■ WHAT IS NEEDED
Please write out exactly the line containing "Samsonite Spectrolite 3.0" below and every line after it, through the last one, but leave out any pictures.

■ PROVIDED DATA

━━━━━━━━

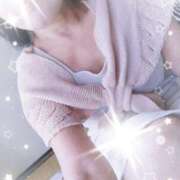 ヒメ日記 2025/07/23 13:08 投稿 莢香（さやか） エッチな熟女(熊谷)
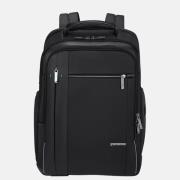 Samsonite Spectrolite 3.0 rugzak 17.3 inch black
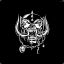 Lemmy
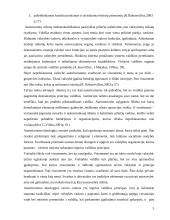 Autoritariniai režimai 5 puslapis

━━━━━━━━

■ PROBLEM SOLUTION
 Samsonite Spectrolite 3.0 rugzak 17.3 inch black
 Lemmy
 Autoritariniai režimai 5 puslapis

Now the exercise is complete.